IL POLITTICO DI PIERO, RITORNO ALLE ORIGINI
31 Marzo 2024Idee per capire il presente
31 Marzo 2024
di Anna Chiara Sacchi
La stanza del pensiero è immersa in un blu profondo. Il pavimento è un mare increspato. Le pareti — alte quattro metri e mezzo, composte da grandi mezze colonne — formano un rigido (ma sinuoso) sipario che al tatto sembra velluto (ovviamente). Solo la grande sedia centrale è in legno. Da qui, con un’immersione nel silenzio e nella profondità cobalto, inizia il viaggio che David Lynch ha immaginato per il Salone del Mobile di Milano: una Thinking Room dove liberare l’immaginazione. I lavori sono in corso, una quarantina di persone sta realizzando, dipingendo, assemblando i pezzi che comporranno il nuovo sogno (inquietante) del regista dell’inconscio, l’americano nato a Missoula, Montana, nel 1946. «La Lettura» ha visitato il suo cantiere.
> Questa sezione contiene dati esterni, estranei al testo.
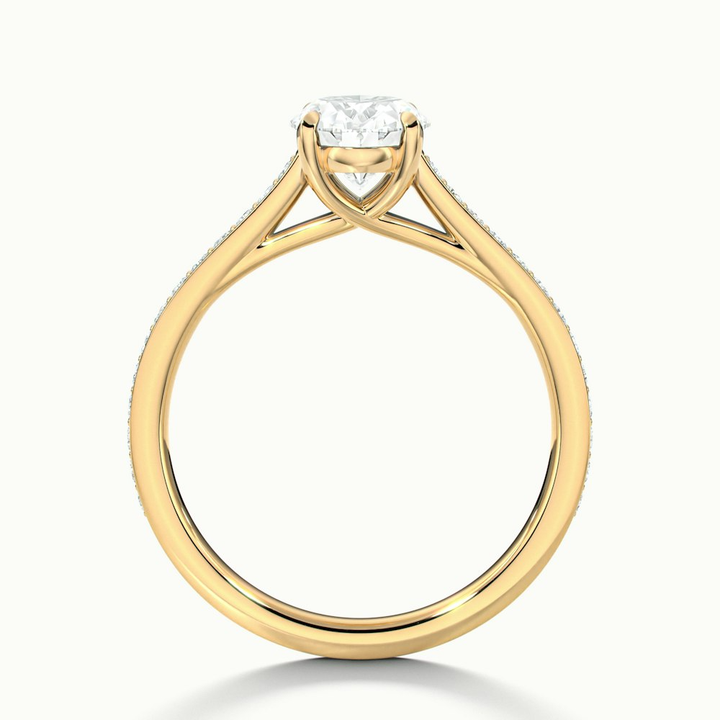 Sky 2 Carat Oval Cut Solitaire Pave Lab Grown Engagement Ring in 10k Yellow Gold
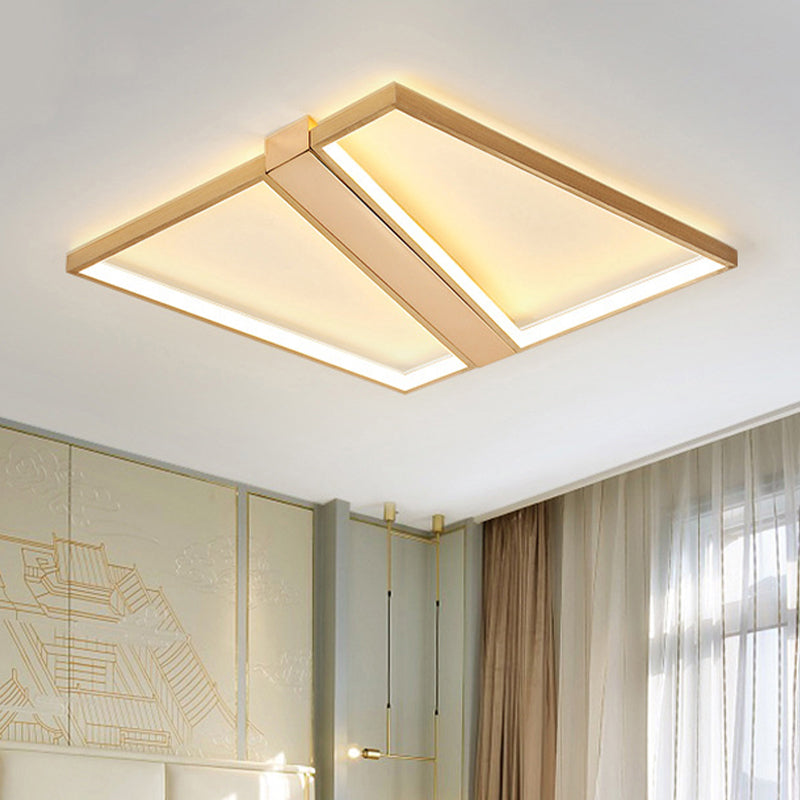 Luz LED empotrada de techo cuadrada empalmada de metal dorado, moderna, de 18"/23,5" W, para dormitorio, en blanco cálido/blanco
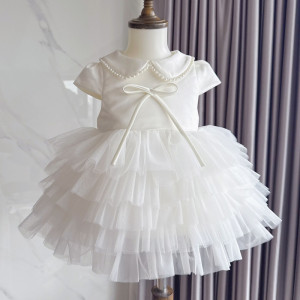 y1217 - Premium White Doll Collar Tutu Dress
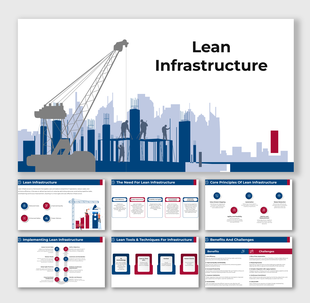 Construction-themed cover with silhouettes and crane representing lean infrastructure concept visually.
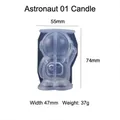 Astronaut siliconen mal voor kaarsen en hars, hoogte 74mm met zwaaiende pose design - Astronaut 01 (Staand) / Wit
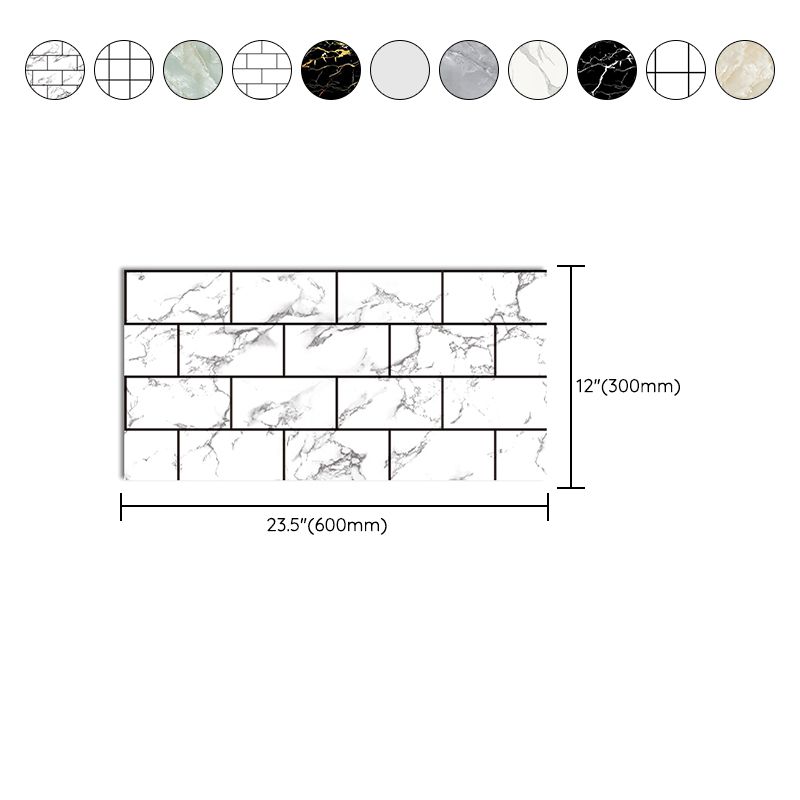 Sikunuo | Modern Peel and Stick Tile PVC Rectangular 10 Pack Peel & Stick Field Tile for the Kitchen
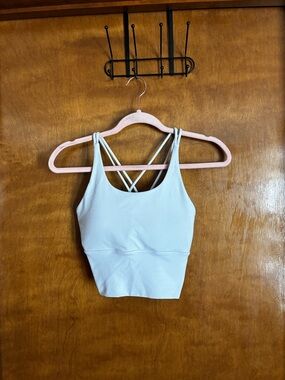 Light Blue/Gray Sports Bra - Supportive Women's Activewear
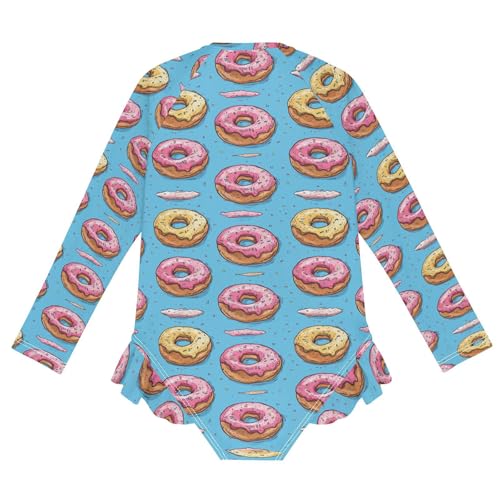 Girls Swimsuit Donut Blue Print Long Sleeve One Piece Bathing Suit for Kids UPF 50+ Rash Guard Swimwear 3-122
Strada Statale del Sempione, laboratori Arianese, i capannoni delle meraviglie che esaudiscono ogni visione, desiderio, capriccio di registi e scenografi (per la Scala, l’Opéra di Parigi, di Roma, l’elenco è lunghissimo…). Qui sta prendendo forma Interiors by David Lynch. A Thinking Room, l’installazione che il Salone del Mobile dal 16 al 21 aprile regala ai suoi visitatori nei padiglioni 5 e 7 della Fiera di Rho (cura l’intero progetto Antonio Monda). Due stanze oniriche identiche (anche per arginare l’inevitabile assalto, si attendono code) che il maestro del cinema ha disegnato — è un appassionato creatore e costruttore di mobili — e affidato per la realizzazione al Piccolo Teatro di Milano. «Lavorare con un teatro è stata una sua specifica richiesta — spiega lo scenografo Paolo Di Benedetto, dell’ufficio tecnico del Piccolo —: a dicembre abbiamo ricevuto i suoi schizzi e iniziato a immaginare la messa in opera». Da quel momento, poco prima di Natale, è partito il ponte Milano – Los Angeles: riunioni via Zoom «con il maestro e il suo assistente, Michael», spedizioni «fisiche» di materiali e campioni di colore — «alla fine ha scelto il blu Ral 5130» —, scambi di mail e idee, lunghi confronti sui dettagli, a partire dalle piccole sculture dorate a forma di fiammella che il cineasta ha realizzato con le sue mani e che andranno a decorare le finestre incastonate nelle pareti della camera blu. Ma ecco il risultato come lo vedranno e lo vivranno i cinefili del Salone.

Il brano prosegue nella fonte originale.